The 2015 Rugby World Cup final on 31 October was his last match as an All Black. He was one of six senior players who retired from International rugby after the competition.

In the 2016 New Year Honours, Mealamu was appointed a Member of the New Zealand Order of Merit for services to rugby.

====Leading of the haka====
Mealamu became an important part of the leadership team of the national side and led the haka for the All Blacks 31 times. He led the Ka Mate version 23 times and the newer Kapa o Pango version 8 times. He first led the team in September 2007 against Italy.
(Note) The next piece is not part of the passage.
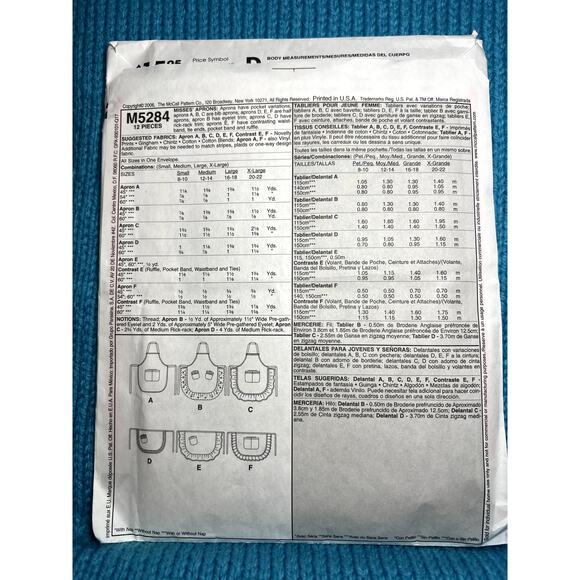 McCalls 5284 pattern full or half apron ruffle hem size one size - Picture 3 of 6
In his final international test he led the Kapa o Pango haka before the final against Australia during the 2015 Rugby World Cup.

==Local politics==

Mealamu was elected to the Papakura Local Board in 2019. In the 2022 Auckland local elections, Mealamu ran for the position of Franklin ward councillor, losing to Andy Baker.

==Personal life==
Mealamu is a skilled artist and has illustrated several books to raise money for the Starship Children's Hospital. He was appointed to the board of Creative New Zealand in December 2024.

A practising Catholic, Mealamu and his wife Latai, whom he married in 2003, have two children.